--- Exercise inputs ---
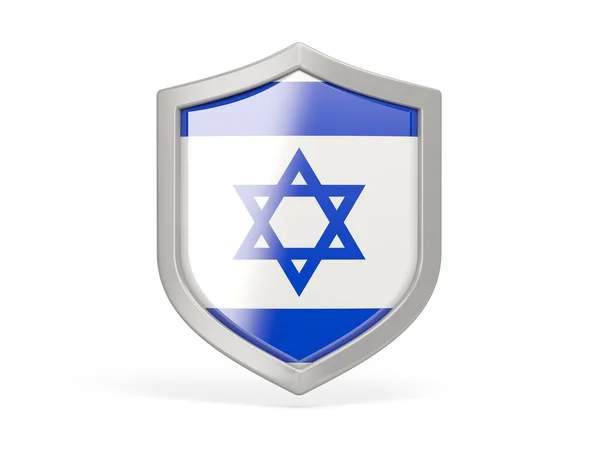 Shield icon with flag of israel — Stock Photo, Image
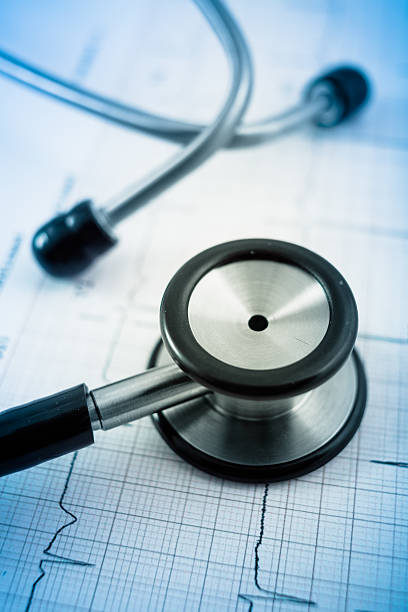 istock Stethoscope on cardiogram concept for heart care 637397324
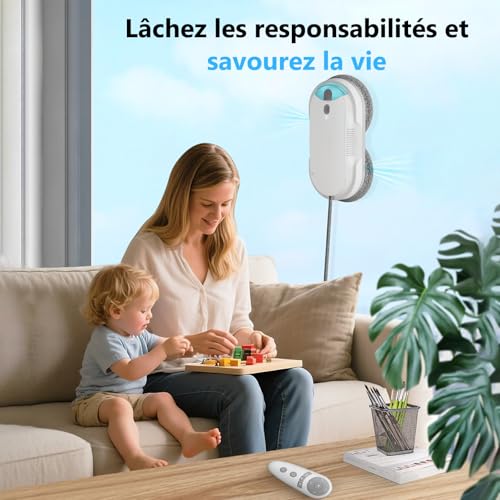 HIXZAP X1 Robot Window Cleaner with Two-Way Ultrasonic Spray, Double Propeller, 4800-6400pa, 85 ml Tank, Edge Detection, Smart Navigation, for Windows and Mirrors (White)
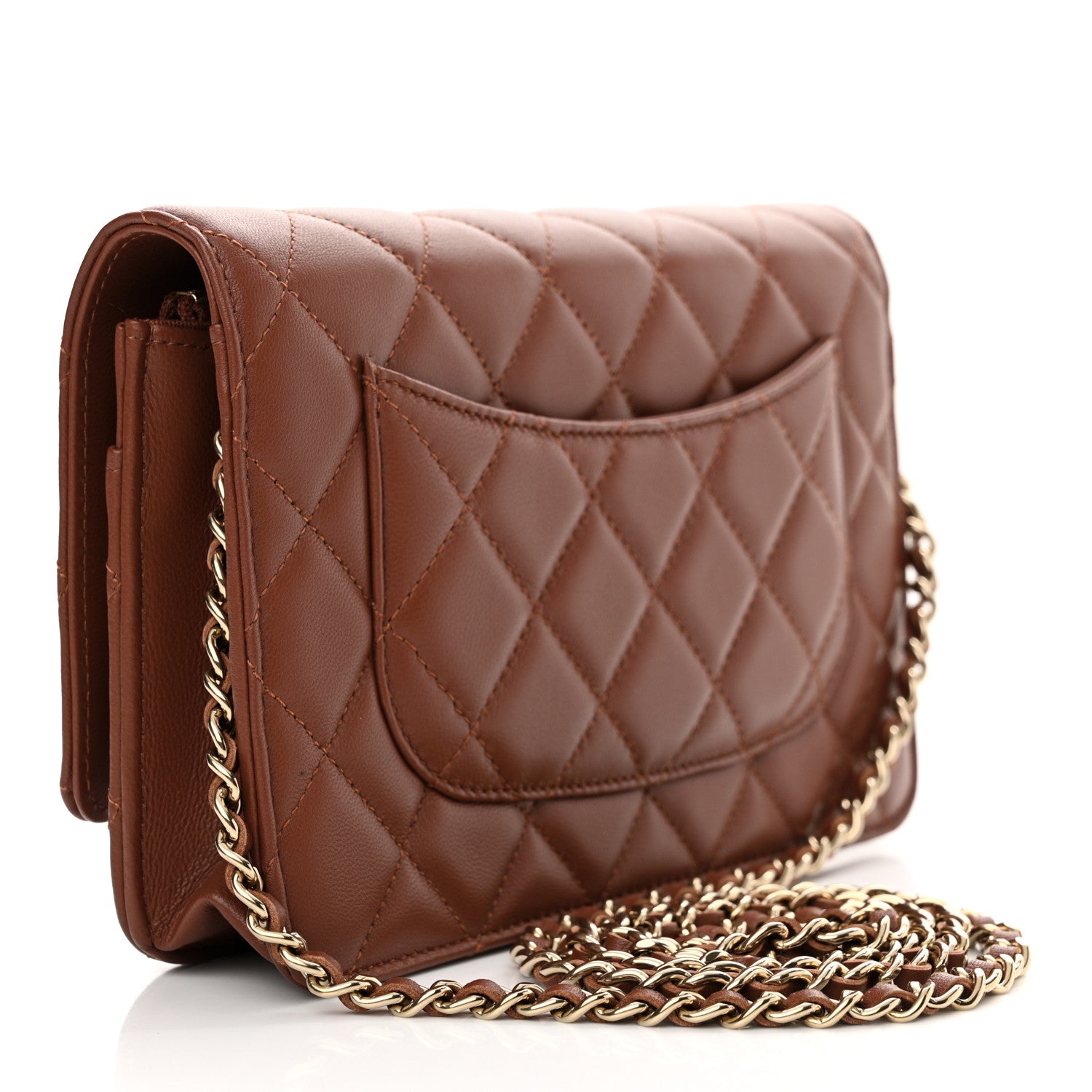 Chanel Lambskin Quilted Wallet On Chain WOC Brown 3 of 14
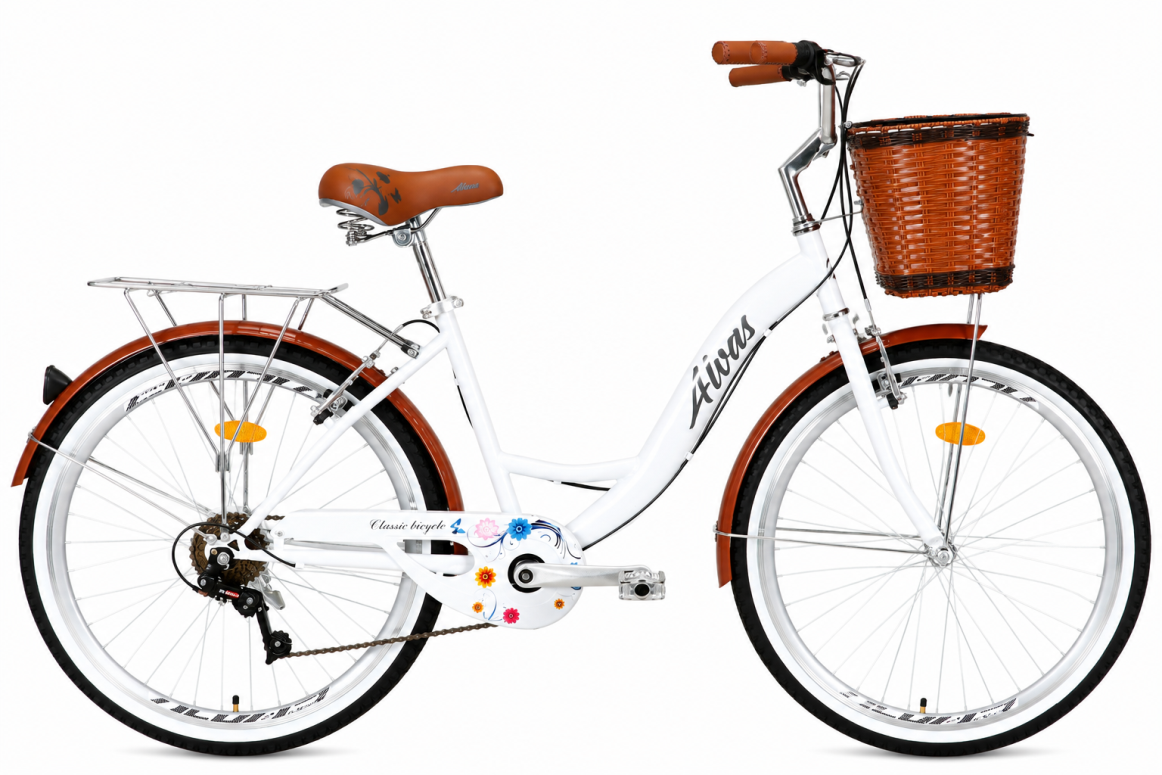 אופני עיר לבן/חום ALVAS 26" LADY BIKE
---
--- Exercise inputs ---
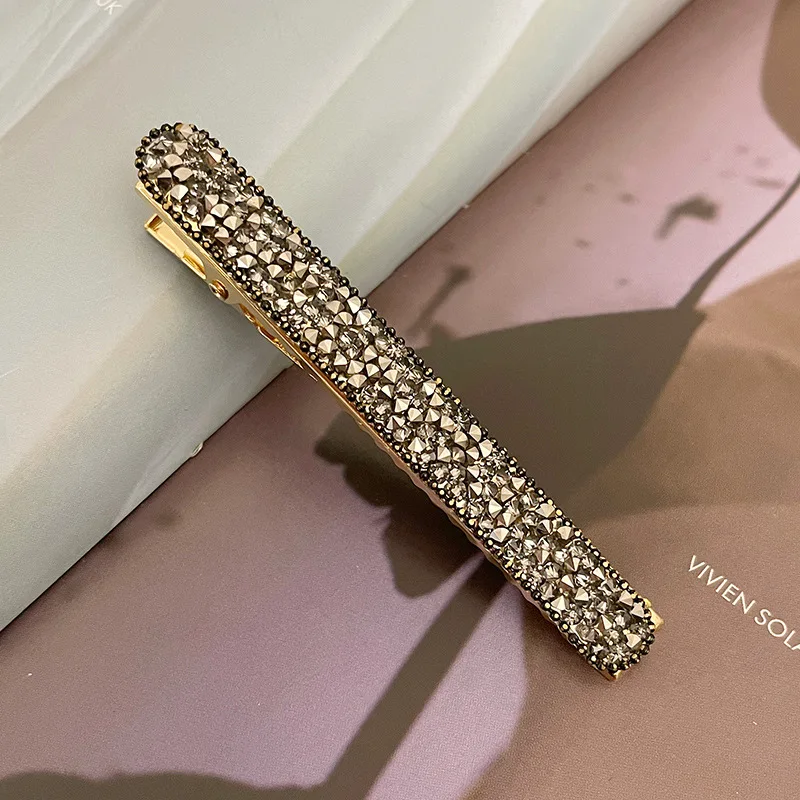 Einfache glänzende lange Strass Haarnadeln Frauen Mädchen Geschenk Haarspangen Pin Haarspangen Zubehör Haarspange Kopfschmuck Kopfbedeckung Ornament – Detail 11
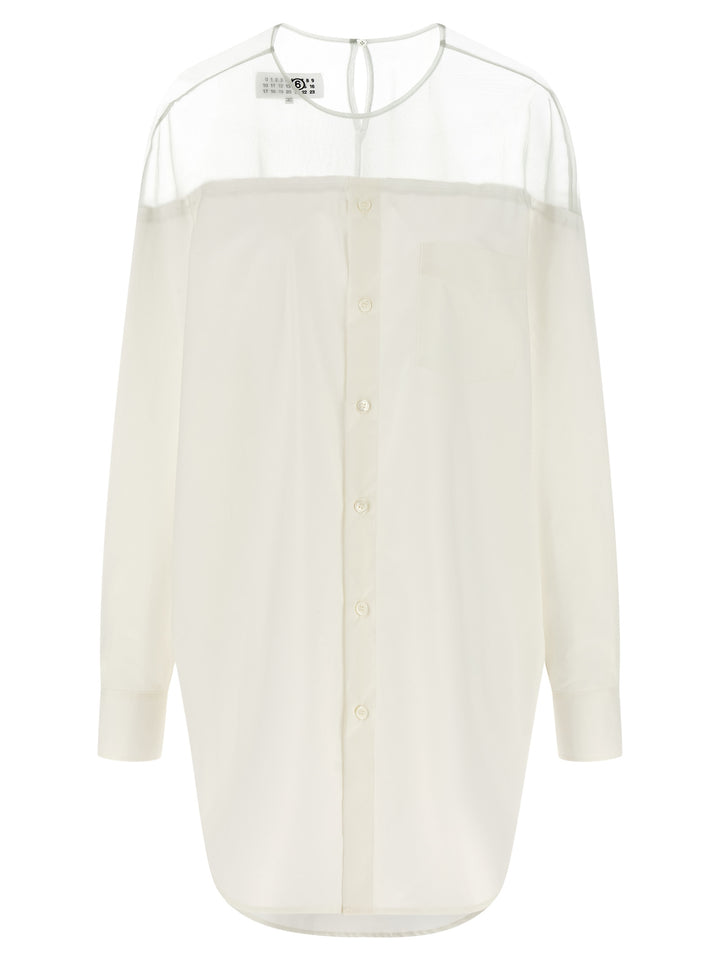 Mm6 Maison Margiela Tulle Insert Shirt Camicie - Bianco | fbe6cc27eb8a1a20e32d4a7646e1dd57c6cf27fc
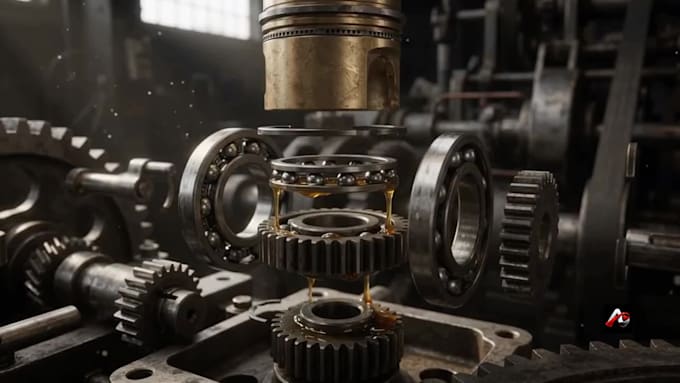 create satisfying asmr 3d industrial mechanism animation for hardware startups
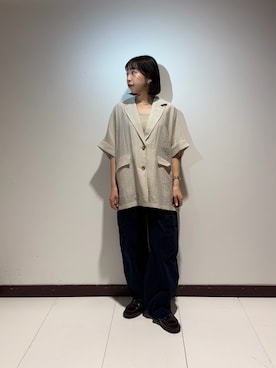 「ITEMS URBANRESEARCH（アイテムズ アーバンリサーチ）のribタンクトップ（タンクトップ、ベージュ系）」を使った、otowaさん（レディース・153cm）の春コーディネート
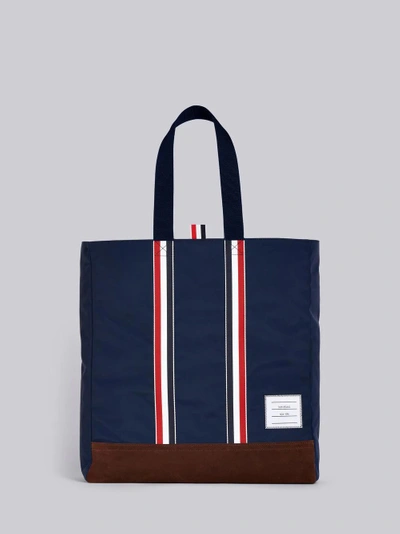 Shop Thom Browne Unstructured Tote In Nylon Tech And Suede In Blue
---
--- Exercise inputs ---
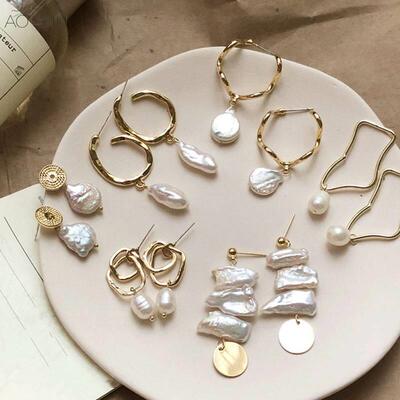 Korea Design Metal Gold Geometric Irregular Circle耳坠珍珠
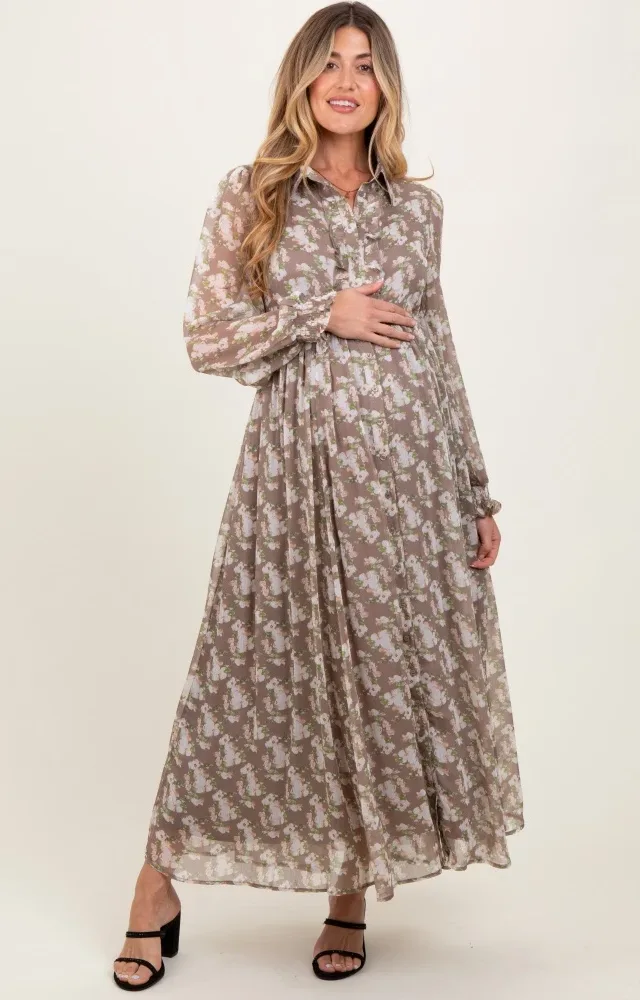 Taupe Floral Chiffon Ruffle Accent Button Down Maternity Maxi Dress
---
Work order —
The answer must be the part of the records that opens with the line containing "Shield icon with" and closes with the line containing "אופני עיר לבן/חום", reproduced exactly, with no pictures.

Response box —
 Shield icon with flag of israel — Stock Photo, Image
 istock Stethoscope on cardiogram concept for heart care 637397324
 HIXZAP X1 Robot Window Cleaner with Two-Way Ultrasonic Spray, Double Propeller, 4800-6400pa, 85 ml Tank, Edge Detection, Smart Navigation, for Windows and Mirrors (White)
 Chanel Lambskin Quilted Wallet On Chain WOC Brown 3 of 14
 אופני עיר לבן/חום ALVAS 26" LADY BIKE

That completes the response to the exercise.